Stainless Steel Welding

Procedure for Welding Clad Steels

The use of a clad material, consisting of a mild or low alloy steel backing faced with stainless steel, usually from 10 - 20% of the total thickness, combines the mechanical properties of an economic backing material with the corrosion resistance of the more expensive stainless steel facing. This facing usually consists of austenitic stainless steel of the 18% chromium, 8% nickel and 18% chromium, 10% nickel type, with or without additions of molybdenum, titanium and niobium, or a martensitic stainless steel of the 13% chromium type.
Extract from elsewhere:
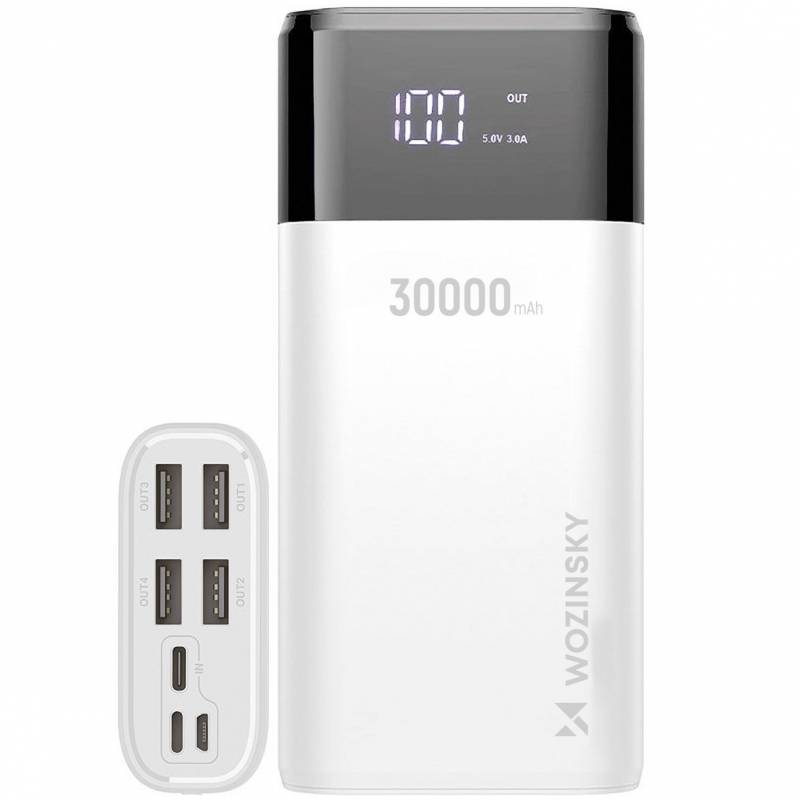Baterie externa Wozinsky 30000 mAh, 4x USB, 1x USB-C, 1x Lightning, White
The backing should be welded first, at the same time making sure that the root run of the mild steel electrode does not come into contact with the alloyed cladding. This can be achieved in two ways, either by cutting the cladding away from both sides of the root, or welding with a close butt preparation and a sufficiently large root face.
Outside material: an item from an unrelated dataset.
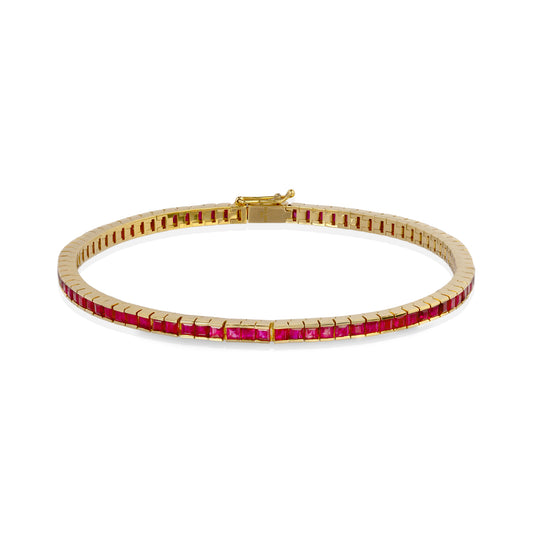 14ky 4.95ctw Ruby Tennis Bracelet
After welding the mild steel side, the root run should be back grooved and the stainless clad side welded with a stainless electrode of matching composition. The use of a more highly alloyed electrode (e.g. Afrox 309L) for the initial root run on the clad side is advisable. This applies particularly to preparations in which the backcutting of the cladding makes pick-up from the mild steel difficult to avoid. For the best resistance to corrosion, at least two layers of stainless weld metal on the clad side are recommended.

The welding of material which is clad or lined with 13% Cr (martensitic) steels usually requires a preheat of 250°C and the use of austenitic electrodes of appropriate type. Welding should be followed by a post weld heat treatment, though satisfactory results can be obtained without these precautions if, during welding, heat dissipation is kept to a minimum. This will help to temper the heat affected zone by utilising the heat build-up from adjacent weld runs.

Procedure for Welding Stainless Steels to Mild or Low Alloy Steels

Situations frequently arise when it becomes necessary to weld an austenitic stainless steel to a CMn or low alloy ferritic steel. In selecting a suitable electrode, the effect of dilution of the weld metal by the base material must be considered.

The weld metal may be diluted from 20 - 50% depending on the welding technique used, root runs in butt joints being the most greatly affected since all subsequent runs are only in partial contact with the base material and share dilution with neighbouring runs. If a CMn or low alloy steel electrode is used to weld stainless to CMn steel, the pick-up of chromium and nickel from the stainless steel side of the joint could enrich the weld metal by up to 5% chromium and 4% nickel.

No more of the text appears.